3/10
It wasn't just a volcano erupting!
12 August 2007
"I've made some of the greatest films ever made - and a lot of crap, too."

John Carradine, who had roles in The Ten Commandments and Stagecoach and Everything You Always Wanted to Know About Sex, But Were Afraid to Ask among his 334 films, and won awards for The Scarecrow and House of the Long Shadows, would probably list this film as one that was crap.

He plays a scientist that sends down a diving bell with four people to 1,700 feet when they get stranded. They manage to make it into Arizona's Colossal Cave and they meet up with a hairy bugger who has been stranded there 14 years. Forget the others, this guy is focused on Phyllis Coates, who was the first Lois Lane on TV.

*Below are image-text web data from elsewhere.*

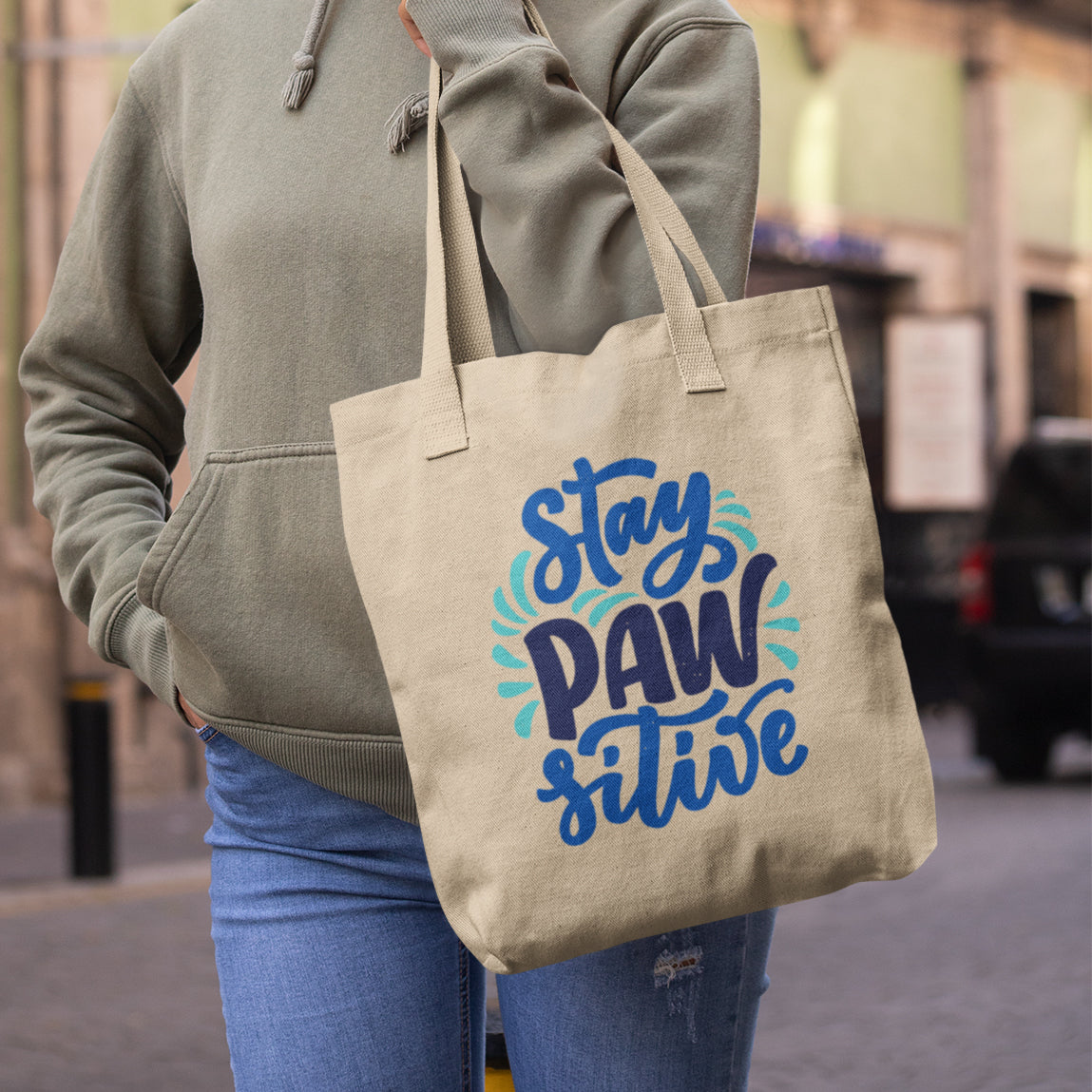 a woman carrying a tote bag that says stay paws alive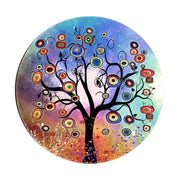 Magnete in legno con albero nero su sfondo arcobaleno, rami ricchi di fiori concentrici colorati e forme vivaci.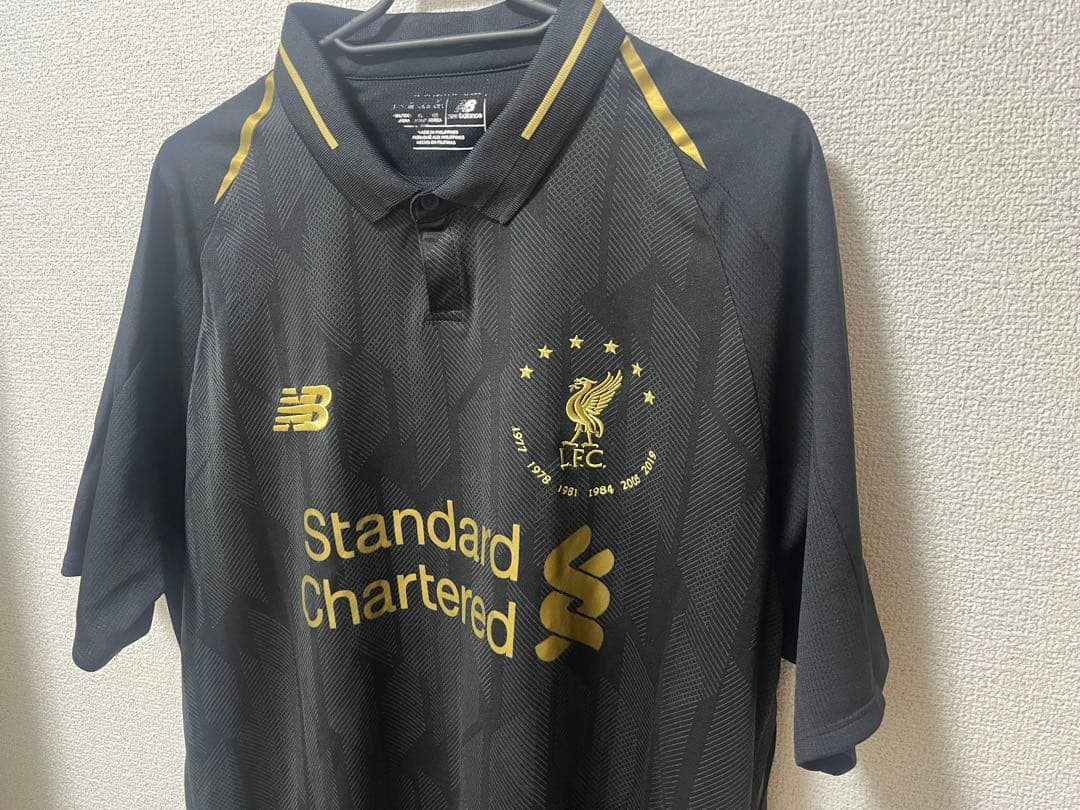 リバプールFC 18/19UCL優勝記念ユニフォーム 黒×金 L-XLサイズ - メルカリ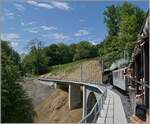 Die BFD HG 3/4 N° 3 der Blonay Chamby Bahn fährt mit ihrem Reisezug über den frisch sanierten Baye de Clarens Viadukt in Richtung Blonay und im Hintergrund zeigt sich das recht grosse
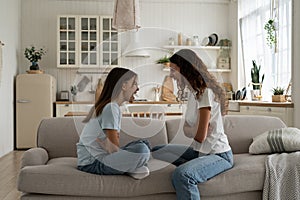 Cursing nervous woman and teenage girl are sits on couch and shouting out loud expressing resentment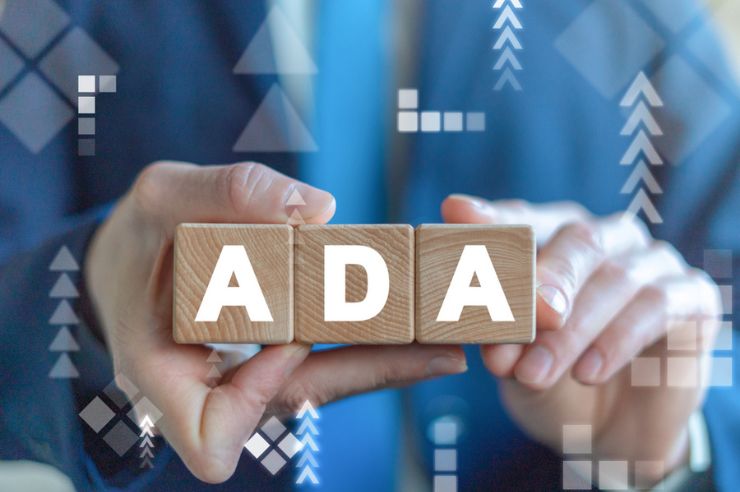 Man holding wood blocks with ADA letters.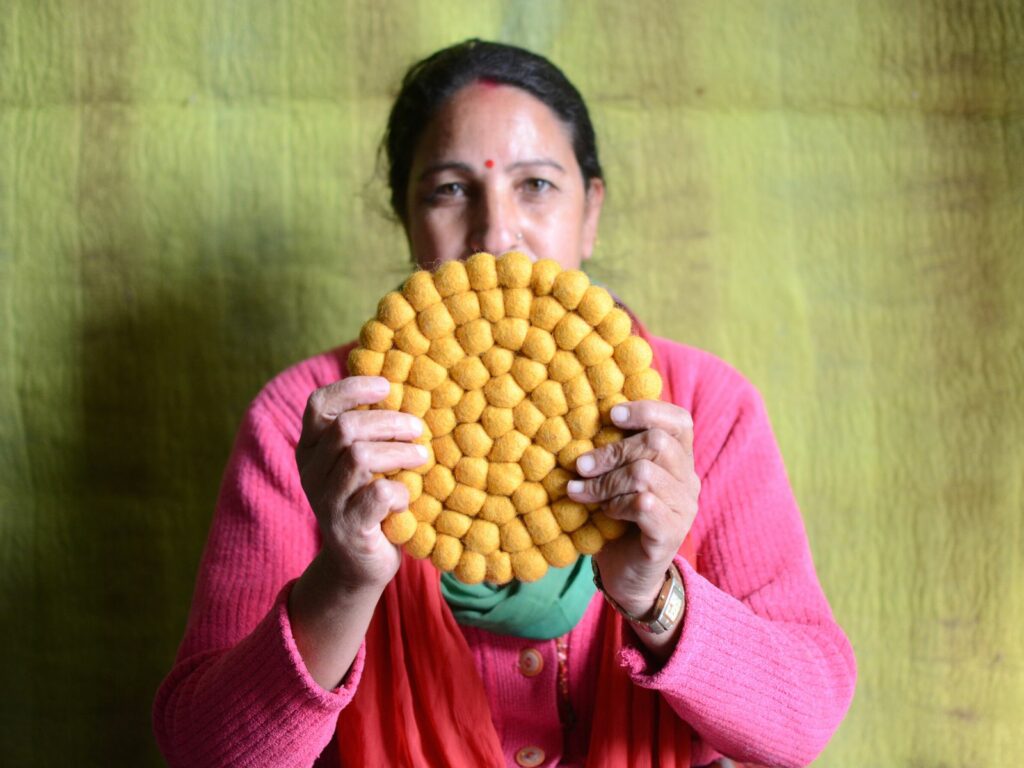 a craftswomen with handmade felt ball trivets 
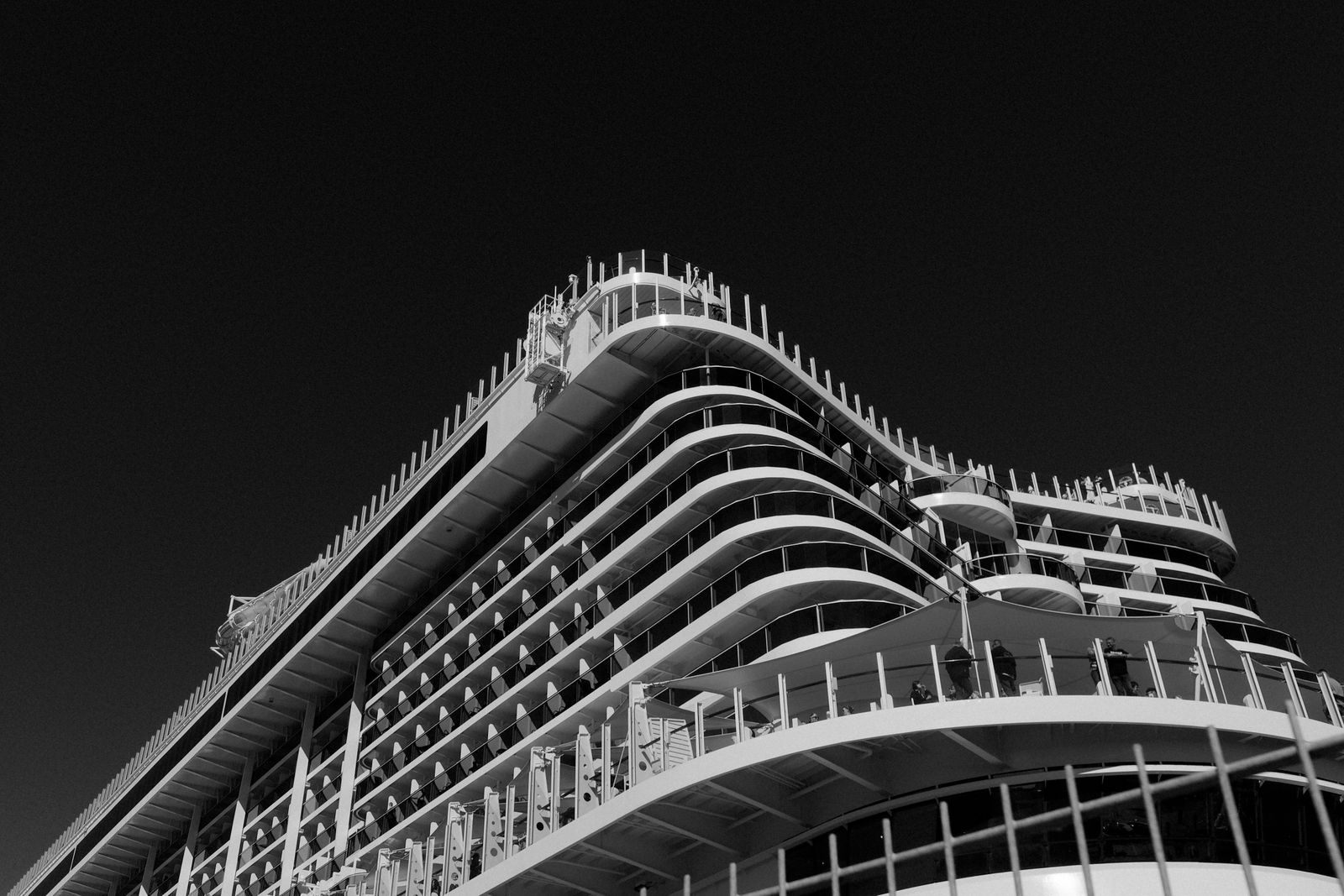 Tiers of balcony cabins on a cruise ship, some of which may be unsold cruise cabins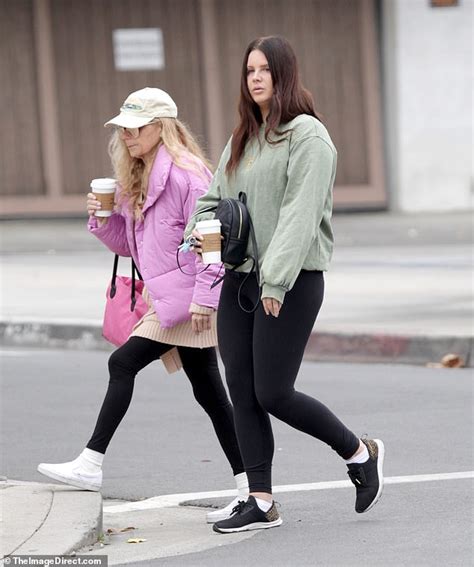 Lana Del Rey Cuts A Casual Figure In Leggings And A Green Sweater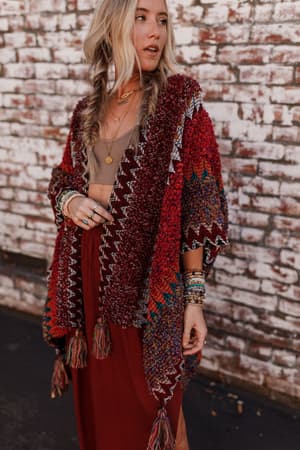 A woman with long blonde hair styled in loose braids wears the Desert Dreams Crochet Ruana - Maroon from her boho closet, along with layered necklaces, bracelets, and a burgundy skirt, standing by a white brick wall.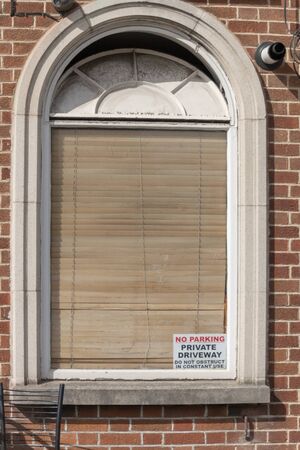 a close up view of a bay window with the shutters closedの写真素材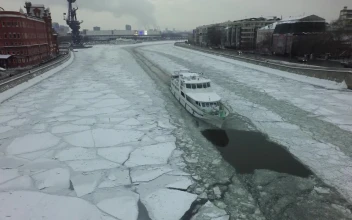 Stock Video Boat Heading Down A Frozen River For PC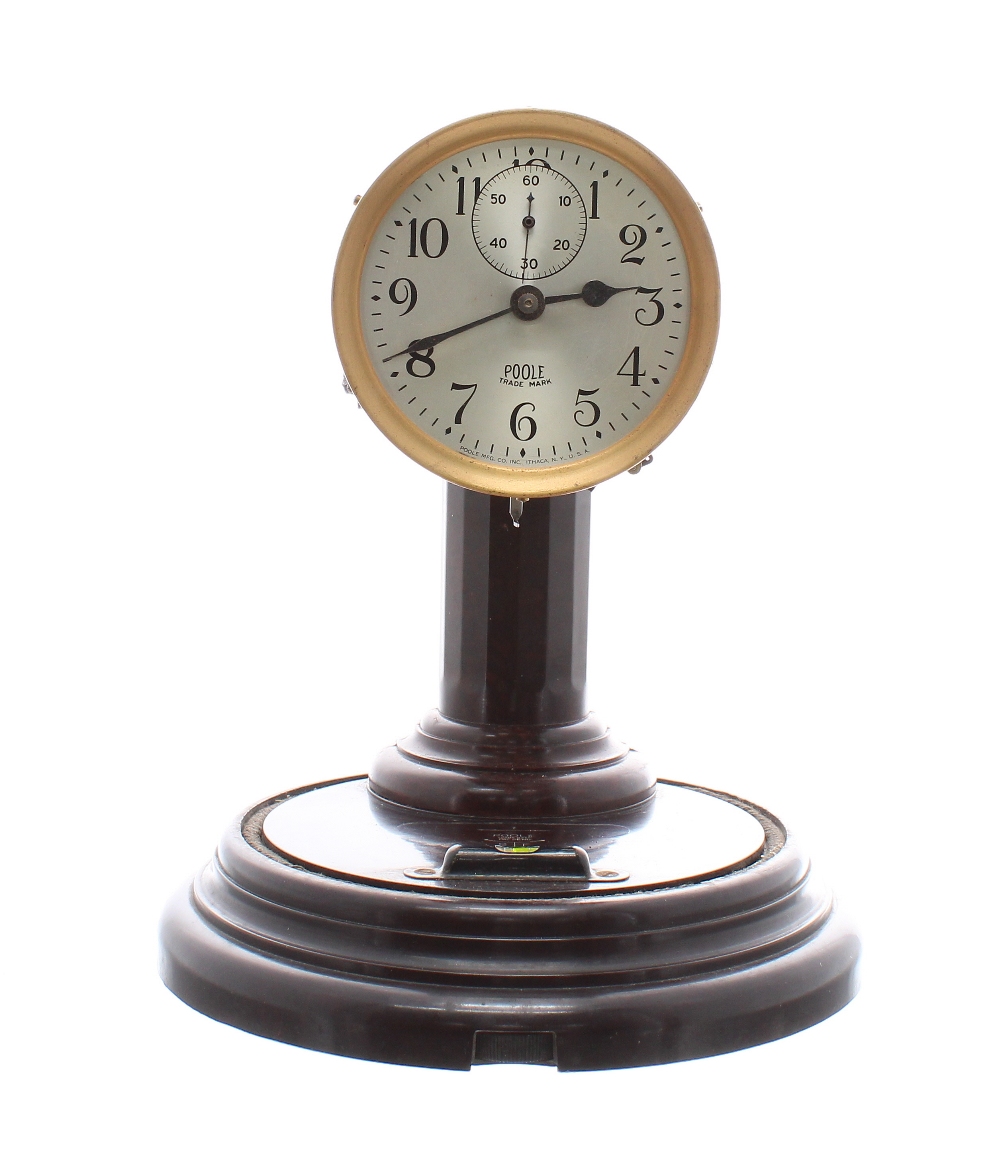 Early Poole Electric Clock Co. electric mantel clock, circa 1928, on round "Morsite" Bakelite base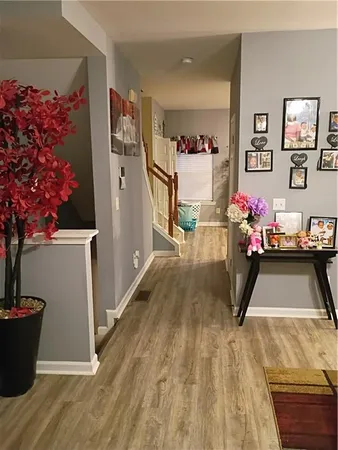 a room with wooden floor and furniture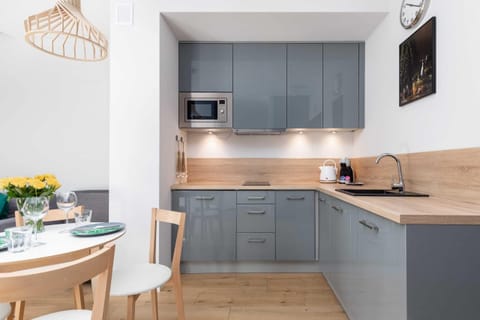 A modern kitchen with gray cabinetry, wood countertops, and built-in appliances, designed for efficiency and style.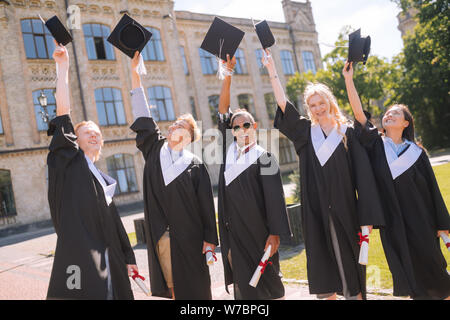 Fröhliche Absolventen erhöhen ihre Herren Caps in der Luft. Stockfoto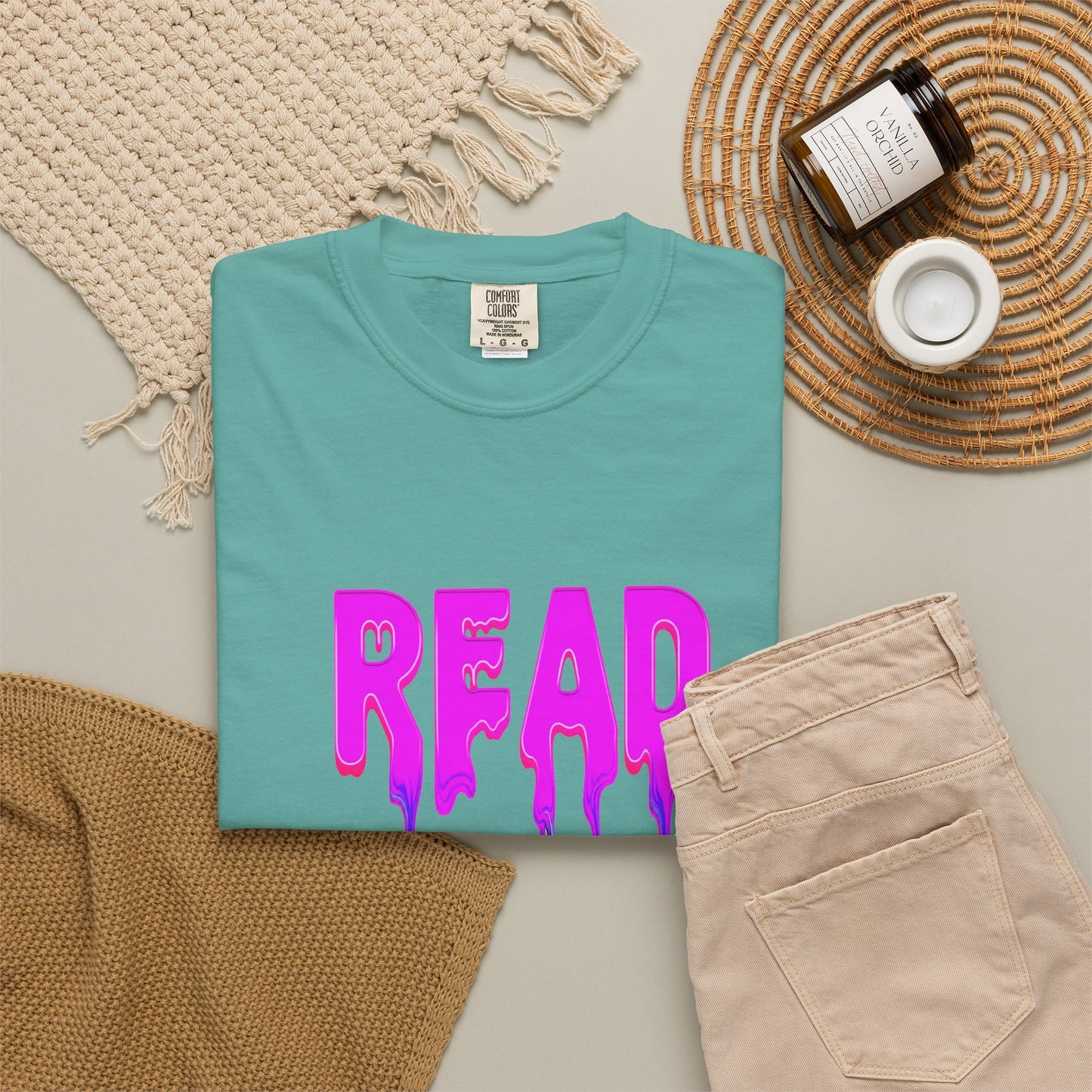 "READ" Dripping Graphic T-Shirt — Psychedelic Melting Book Design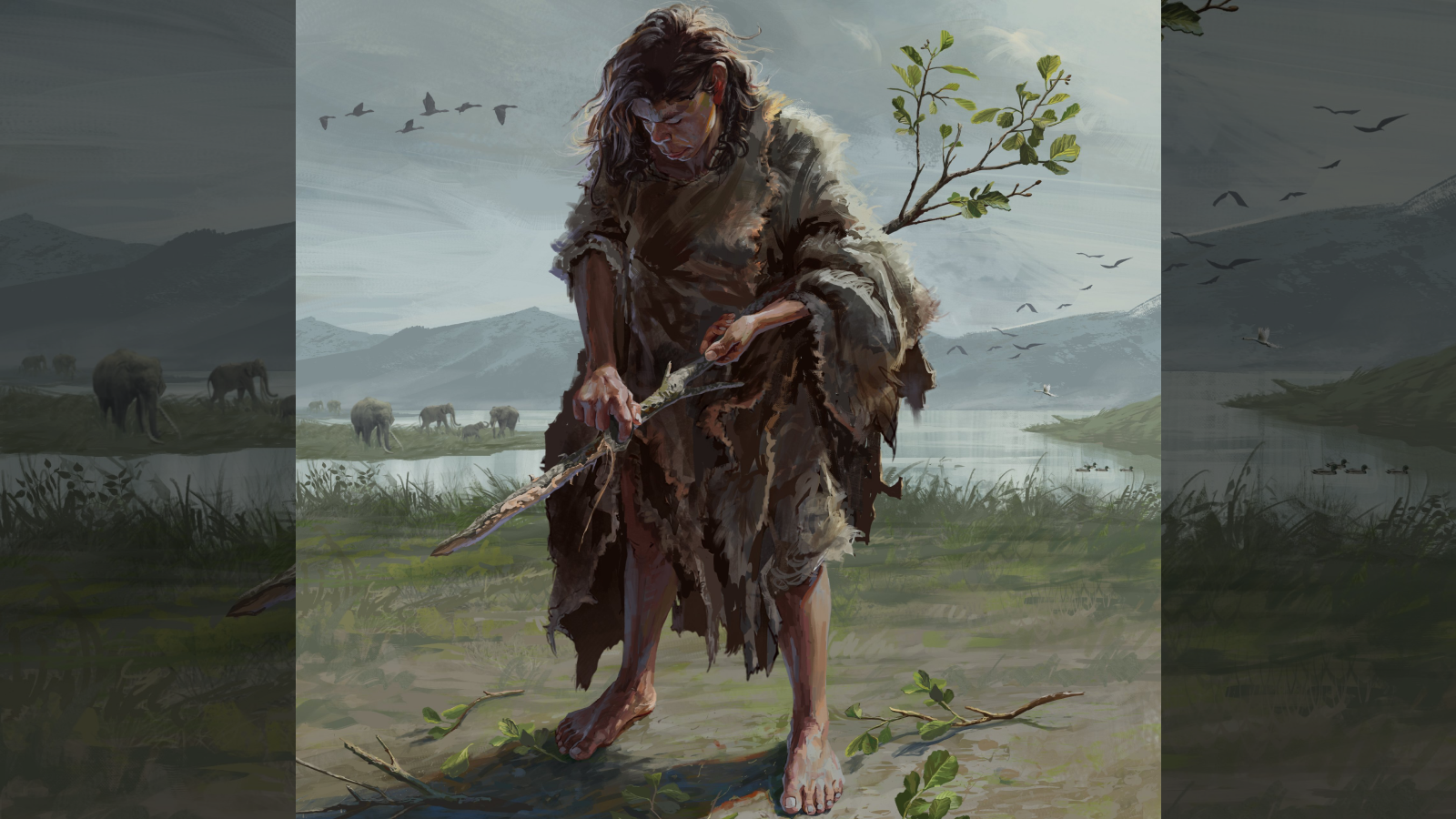 An illustration of a Stone Age person with long brown hair who is standing on a grassy area by a river, which has elephants and birds in the background. The person is holding and de-barking a branch.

Yes, 14 years all alone and this old timer wants to find a way to get rid of the competition and have Lois to himself. Before he could get started, the volcano erupts and, well, just one eruption.

I just love this exchange between the two women:

Dale Marshall: You just listen to me, Miss Innocent. There's nothing friendly between two females. There never was. There never will be. Lauri Talbott: Sorry you feel that way. I was hoping we could help each other. Dale Marshall: You don't need help - neither do I. Not as long as we have two men around us.

O, the days when women thought that way.

This film had some very valuable information in it. I didn't know that people dived with a thermos of hot coffee, but it is good they do, as it is just the thing to revive someone who has run out of air.